Begin at the line containing "910 7th Ave" in the entries below and end at the line containing "Twin Metal Frame Bed"; transcribe that range exactly and nothing outside it.

* _Records for this exercise_:

* * *

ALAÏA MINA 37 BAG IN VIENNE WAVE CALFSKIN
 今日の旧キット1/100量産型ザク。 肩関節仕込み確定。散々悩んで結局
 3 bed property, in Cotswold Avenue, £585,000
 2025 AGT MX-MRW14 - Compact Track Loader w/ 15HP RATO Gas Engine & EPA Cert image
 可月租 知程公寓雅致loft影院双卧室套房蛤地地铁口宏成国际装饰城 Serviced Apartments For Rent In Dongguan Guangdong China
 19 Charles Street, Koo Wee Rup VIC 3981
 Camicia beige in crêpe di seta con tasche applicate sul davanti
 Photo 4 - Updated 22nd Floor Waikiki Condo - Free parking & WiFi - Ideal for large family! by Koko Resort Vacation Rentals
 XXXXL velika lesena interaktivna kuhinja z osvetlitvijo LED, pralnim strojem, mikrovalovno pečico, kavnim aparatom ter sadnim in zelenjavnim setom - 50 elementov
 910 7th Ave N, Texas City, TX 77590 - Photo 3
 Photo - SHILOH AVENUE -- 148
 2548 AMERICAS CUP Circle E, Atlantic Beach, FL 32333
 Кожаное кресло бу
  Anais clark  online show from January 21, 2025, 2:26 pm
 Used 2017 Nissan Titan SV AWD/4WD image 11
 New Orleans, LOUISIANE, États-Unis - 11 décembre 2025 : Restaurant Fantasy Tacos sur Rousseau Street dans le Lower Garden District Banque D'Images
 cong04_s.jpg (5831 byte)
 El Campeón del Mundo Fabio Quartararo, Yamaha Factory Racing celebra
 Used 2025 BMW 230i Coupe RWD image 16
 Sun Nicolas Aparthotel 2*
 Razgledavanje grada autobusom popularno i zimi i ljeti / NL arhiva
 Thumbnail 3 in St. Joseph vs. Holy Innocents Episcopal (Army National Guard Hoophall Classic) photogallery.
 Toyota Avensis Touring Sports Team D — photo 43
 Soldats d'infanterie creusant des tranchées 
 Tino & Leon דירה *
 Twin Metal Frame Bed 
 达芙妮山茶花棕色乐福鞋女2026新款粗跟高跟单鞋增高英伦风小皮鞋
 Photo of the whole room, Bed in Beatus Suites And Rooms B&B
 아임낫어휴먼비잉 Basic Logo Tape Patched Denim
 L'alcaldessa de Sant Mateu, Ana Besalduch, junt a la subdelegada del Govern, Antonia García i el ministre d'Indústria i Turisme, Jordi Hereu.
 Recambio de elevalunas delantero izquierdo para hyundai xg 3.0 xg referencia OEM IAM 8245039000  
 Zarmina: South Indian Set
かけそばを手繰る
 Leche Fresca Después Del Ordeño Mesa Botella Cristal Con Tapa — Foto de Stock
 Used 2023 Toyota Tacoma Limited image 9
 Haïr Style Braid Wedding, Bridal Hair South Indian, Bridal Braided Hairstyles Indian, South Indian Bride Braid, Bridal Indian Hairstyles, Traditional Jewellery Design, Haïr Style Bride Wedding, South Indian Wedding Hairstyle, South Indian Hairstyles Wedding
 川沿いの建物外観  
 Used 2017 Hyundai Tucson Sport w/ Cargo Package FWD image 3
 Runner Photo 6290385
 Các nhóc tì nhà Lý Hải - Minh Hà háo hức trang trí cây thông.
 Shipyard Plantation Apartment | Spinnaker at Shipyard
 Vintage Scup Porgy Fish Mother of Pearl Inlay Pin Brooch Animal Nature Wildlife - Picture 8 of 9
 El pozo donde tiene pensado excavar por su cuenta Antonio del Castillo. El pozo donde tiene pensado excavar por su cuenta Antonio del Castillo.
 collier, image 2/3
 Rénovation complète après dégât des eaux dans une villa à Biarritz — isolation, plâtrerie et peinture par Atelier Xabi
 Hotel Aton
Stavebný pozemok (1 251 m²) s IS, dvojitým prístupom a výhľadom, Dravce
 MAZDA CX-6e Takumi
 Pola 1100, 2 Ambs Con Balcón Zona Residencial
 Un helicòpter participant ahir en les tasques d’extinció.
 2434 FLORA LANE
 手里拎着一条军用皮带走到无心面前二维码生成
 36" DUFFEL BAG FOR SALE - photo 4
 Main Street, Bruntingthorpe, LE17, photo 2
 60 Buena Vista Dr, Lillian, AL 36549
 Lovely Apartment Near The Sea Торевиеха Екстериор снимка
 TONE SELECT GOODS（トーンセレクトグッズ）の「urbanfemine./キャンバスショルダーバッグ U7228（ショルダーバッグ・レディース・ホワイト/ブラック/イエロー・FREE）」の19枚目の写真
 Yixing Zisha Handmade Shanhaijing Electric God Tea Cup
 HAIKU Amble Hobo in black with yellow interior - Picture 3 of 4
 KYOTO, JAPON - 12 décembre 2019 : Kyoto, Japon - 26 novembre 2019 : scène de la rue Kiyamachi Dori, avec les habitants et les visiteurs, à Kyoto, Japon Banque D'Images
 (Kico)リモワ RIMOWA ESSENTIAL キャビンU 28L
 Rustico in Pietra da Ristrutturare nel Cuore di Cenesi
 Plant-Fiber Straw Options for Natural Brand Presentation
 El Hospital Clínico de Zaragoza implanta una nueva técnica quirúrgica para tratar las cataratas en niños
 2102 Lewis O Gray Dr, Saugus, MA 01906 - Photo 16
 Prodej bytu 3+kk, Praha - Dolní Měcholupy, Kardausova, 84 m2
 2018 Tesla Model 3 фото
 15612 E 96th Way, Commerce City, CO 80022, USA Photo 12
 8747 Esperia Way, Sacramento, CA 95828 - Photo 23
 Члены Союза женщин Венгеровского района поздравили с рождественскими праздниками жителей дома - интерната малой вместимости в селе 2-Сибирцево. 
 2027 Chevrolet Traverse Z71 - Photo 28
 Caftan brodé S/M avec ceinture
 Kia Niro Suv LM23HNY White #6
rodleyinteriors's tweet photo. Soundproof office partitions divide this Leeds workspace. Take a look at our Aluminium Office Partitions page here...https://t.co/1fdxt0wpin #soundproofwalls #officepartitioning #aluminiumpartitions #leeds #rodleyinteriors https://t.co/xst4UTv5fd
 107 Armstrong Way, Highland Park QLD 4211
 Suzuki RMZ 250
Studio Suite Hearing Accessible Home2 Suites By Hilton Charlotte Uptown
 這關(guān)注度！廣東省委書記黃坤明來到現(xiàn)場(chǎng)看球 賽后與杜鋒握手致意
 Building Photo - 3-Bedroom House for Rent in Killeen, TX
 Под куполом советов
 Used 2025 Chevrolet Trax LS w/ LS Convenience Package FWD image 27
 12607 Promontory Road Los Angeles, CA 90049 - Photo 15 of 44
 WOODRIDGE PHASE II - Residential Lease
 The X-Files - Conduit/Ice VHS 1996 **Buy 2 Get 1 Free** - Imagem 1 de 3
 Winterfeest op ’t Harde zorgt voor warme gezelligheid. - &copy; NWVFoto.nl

* * *

* _Exercise result_:
 910 7th Ave N, Texas City, TX 77590 - Photo 3
 Photo - SHILOH AVENUE -- 148
 2548 AMERICAS CUP Circle E, Atlantic Beach, FL 32333
 Кожаное кресло бу
  Anais clark  online show from January 21, 2025, 2:26 pm
 Used 2017 Nissan Titan SV AWD/4WD image 11
 New Orleans, LOUISIANE, États-Unis - 11 décembre 2025 : Restaurant Fantasy Tacos sur Rousseau Street dans le Lower Garden District Banque D'Images
 cong04_s.jpg (5831 byte)
 El Campeón del Mundo Fabio Quartararo, Yamaha Factory Racing celebra
 Used 2025 BMW 230i Coupe RWD image 16
 Sun Nicolas Aparthotel 2*
 Razgledavanje grada autobusom popularno i zimi i ljeti / NL arhiva
 Thumbnail 3 in St. Joseph vs. Holy Innocents Episcopal (Army National Guard Hoophall Classic) photogallery.
 Toyota Avensis Touring Sports Team D — photo 43
 Soldats d'infanterie creusant des tranchées 
 Tino & Leon דירה *
 Twin Metal Frame Bed 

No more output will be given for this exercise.